# ask about "hostname" install at home, im newbie, tk



## h7t_2002 (Nov 23, 2012)

I read handbook, step "hostname" I don't know type??? I use FreeBSD at home, not server.


----------



## SirDice (Nov 23, 2012)

Just pick any name you like. It's mostly used to identify the machine, it doesn't matter if it's a server or not.

I name all my computers as characters or places from the Neuromancer book. Other people use Star Trek characters. Use whatever you like.

But, it can't have spaces and you can only use a-z, 0-9 and the hyphen (-).


----------



## h7t_2002 (Nov 23, 2012)

Ok, I am installing FreeBSD, spend 3 days, but not complete, always take error, I am installing, if you or anybody can help me, I very very thank, I'm vietnamese, so, I can't speak english fluently, sorry ... but I like FreeBSD !!
help me, my yahoo acc: H7T_2002


----------



## SirDice (Nov 23, 2012)

Post the error, the version of FreeBSD and some details about your computer and we may be able to help.

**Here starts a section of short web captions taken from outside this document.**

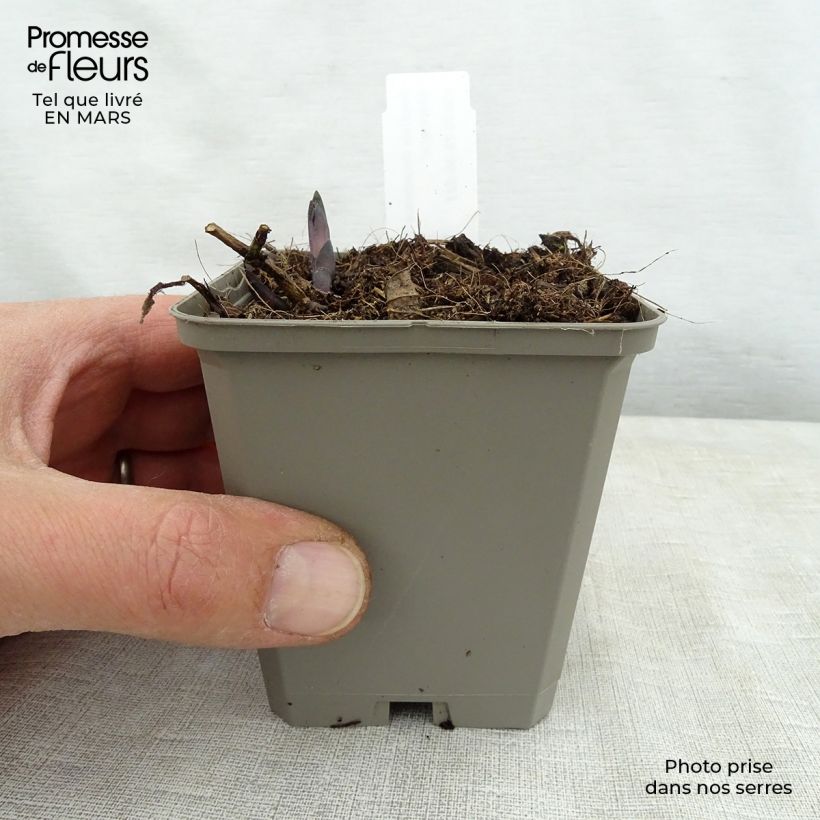 Amostra de Baptisia Decadence Lemon Meringue Vaso de 8/9 cm tal como entregue na primavera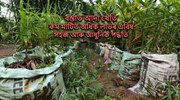 কম মাটিত অধিক লাভৰ এবিধ সহজ আৰু আধুনিক পদ্ধতি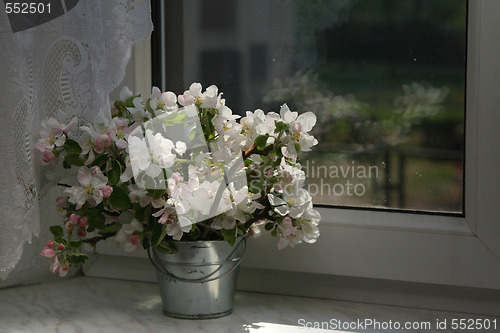 Image of Apple-tree flowers 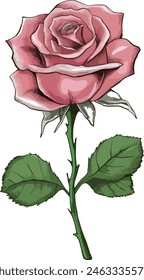 Rose Vector of Peach Color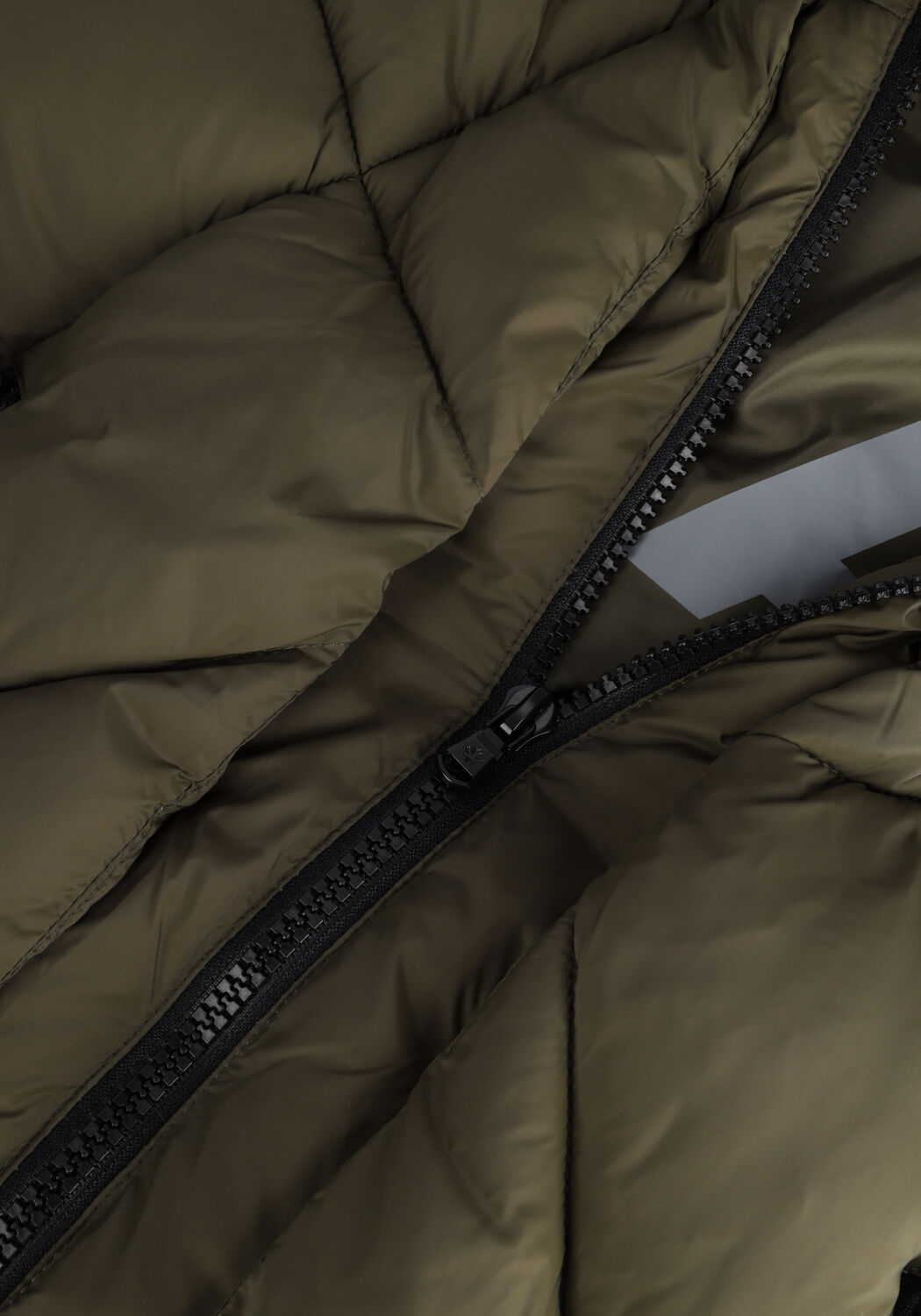 Olijf CANADIAN Gewatteerde jas EUGENIE SHORT RECYCLED - large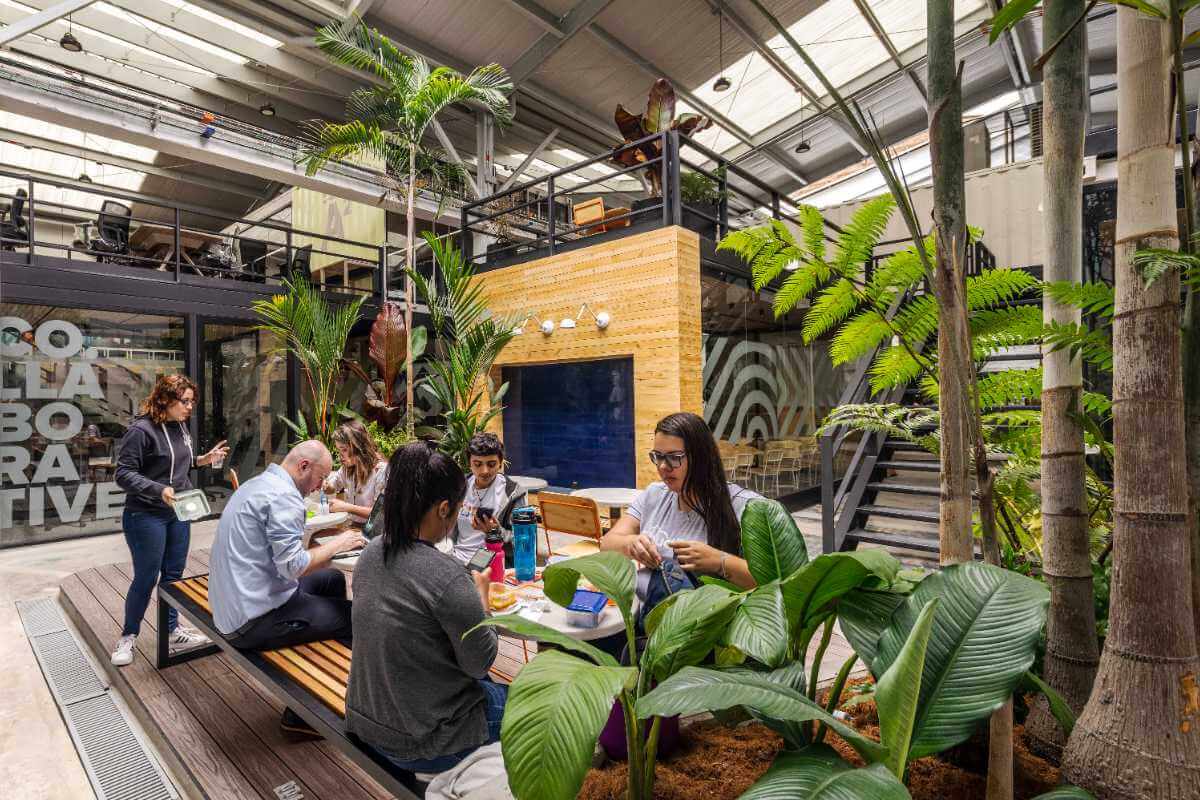 Personas trabajando y compartiendo en una mesa rodeada de vegetación en NOI Coworking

We're good but we're not clairvoyant.


----------



## GreenMeanie (Nov 24, 2012)

I always have to run a *NAME.local* or it hangs for awhile on boot.


----------



## kpa (Nov 24, 2012)

Do not use a domain .local, that will conflict the multicast DNS domain .local if you have devices or computers capable of using it.


----------



## UNIXgod (Nov 24, 2012)

h7t_2002 said:
			
		

> Ok, I am installing FreeBSD, spend 3 days, but not complete, always take error, I am installing, if you or anybody can help me, I very very thank, I'm vietnamese, so, I can't speak english fluently, sorry ... but I like FreeBSD !!
> help me, my yahoo acc: H7T_2002



It may help to talk with someone on irc as you work through installing FreeBSD. Point your irc client to irc.freenode.net in room ##freebsd

Alternatively you could install www/wgetpaste and post your errors from the command line here until you get X11 complete.


----------